Hi,
  This feedback is related to the autodiscovery draft.

Before reading on, I suggest anyone writing a specification of any kind actually learn a little about how to write good conformance criteria.

http://ln.hixie.ch/?start=1140242962&count=1

I do not believe it is at all useful for this spec to continue as either normative or informational. If it were to be published as informational, who would it's target audience be? What benefit would it provide to anyone? What purpose would it serve?

James M Snell wrote:
To document best practice as it relates specifically to syndication
feeds.

It's not entirely clear what that actually means. How would it be any different from, or more useful than, existing documentation on the subject that has been around for the past 3 or 4 years.

What we do need is a normative specification that clearly defines both document and user agent conformance requirements, and that really has to be in a normative specification. The only issue that then remains is where this should take place and, for reasons documented later in this e-mail, I strongly believe that HTML5 is the correct place for this to be defined.

For example, HTML5 says nothing about whether the relative order of feed autodiscovery links within a document is significant. The Atom autodiscovery draft, however, defines that the order is significant.

That can be considered a limitation of the HTML5 spec which can be addressed there. In fact, at the time of writing this, you've already raised the issue on the WHATWG list and it looks like its been resolved.


Note: The rest of this feedback is written as though this spec were still going to be published as a normative RFC, despite the suggestion that it be published as an informational item only or not at all. That's because I had most of it written before that suggestion and it's useful feedback anyway.

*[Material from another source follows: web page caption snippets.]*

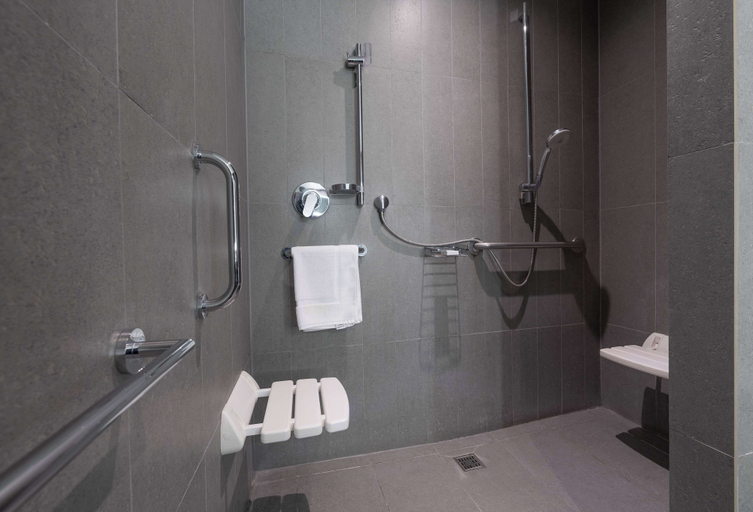 Bathroom 4, Hilton Garden Inn Iquique, Iquique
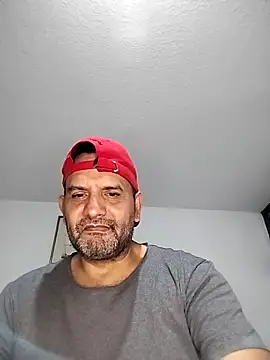 Snapshot of RogueTraveler chatting on 09.24.25 RogueTraveler online show from 09.24.25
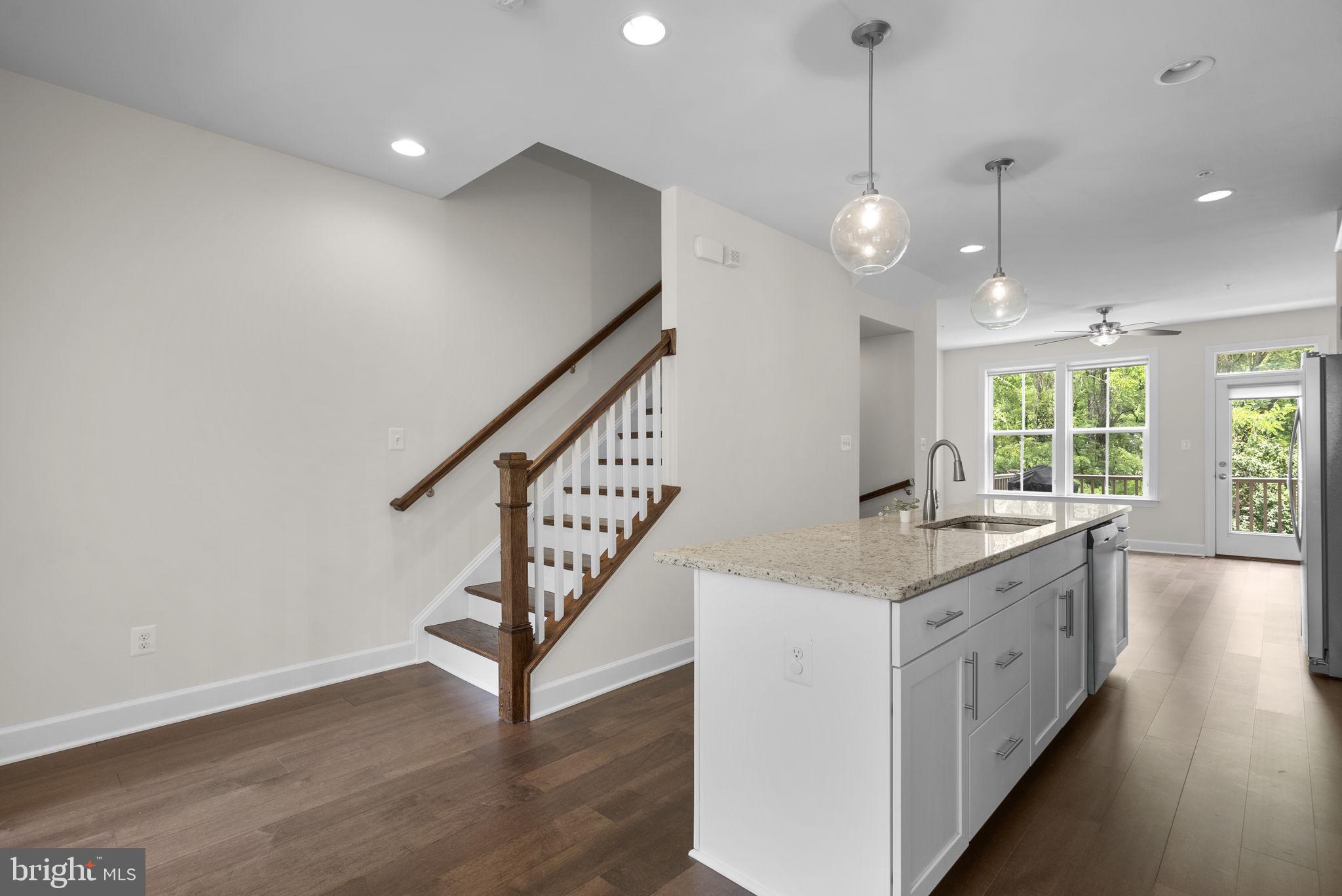 RIVERDALE PARK - Residential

Feed autodiscovery should ideally be defined independent of the syndication feed format. It is illogical to have a separate autodiscovery spec for Atom [1] and RSS [2]. As far as autodiscovery is concerned, the only difference between these and any other format is the MIME type. But, if this spec is to continue, it should at least be renamed to "Syndication Feed Autodiscovery" or similar.


*Introduction*

The introduction should discuss the use of Atom, RSS and RDF Site Summary because they're all widely used and are relevant to anyone implementing autodiscovery. I suggest it also talk about the generic concept of what a syndication feed is (independent of the syntax) and only refer to Atom, RSS and RDF as examples.


*Notational Conventions*

This section should be titled "Conformance Requirements". It should make a clear distinction between user agent conformance and document conformance, and clearly explain the requirements for each.

If there are separate categories of user agents, then they should be defined here. For instance, a conformance checker would have different requirements from a web browser. e.g. A conformance checker must report errors to a user, whereas as a web browser isn't required to do so and may recover gracefully, in the way defined by the specification (where applicable).

It should state something like the following to define which sections are normative and non-normative.

  All examples and notes in this specification are non-normative, as are
  all sections explicitly marked non-normative. Everything else in this
  specification is normative.


*Defintion of an autodiscovery element*

This should be moved to a separate definitions section (perhaps within the previous conformance requirements section). It does not belong in the Relationship to HTML and XHTML section. The definitions should also include other terms used throughout the spec, which are then used in the conformance requirements (see the writing specifications article linked above).

| An Atom autodiscovery element is a link element, as defined in
| section 12.3 of HTML 4 [W3C.REC-html401-19991224].

Assuming this section is normative, that reference should be normative also. Throughout the spec, it should also refer to it as just an "autodiscovery element" (see above about it not just being for Atom).

I do not agree that only <link> elements should be used for autodiscovery. Since visible meta data is always better than invisible meta data, documents should be allowed to use the <a> element as well.

| As with other types of link elements, an autodiscovery element MAY
| appear within the <head> element of an HTML or XHTML document,

Why is that requirement only stated as a *MAY*? It should be a *MUST* requirement and it should be made clear that this is a document conformance requirement only.

| but it MUST NOT appear within the <body>.

For document conformance, I agree. But, UA conformance requirements also need to be defined. What must a UA do if it finds a link element in the body? This error is actually far more common than you may think.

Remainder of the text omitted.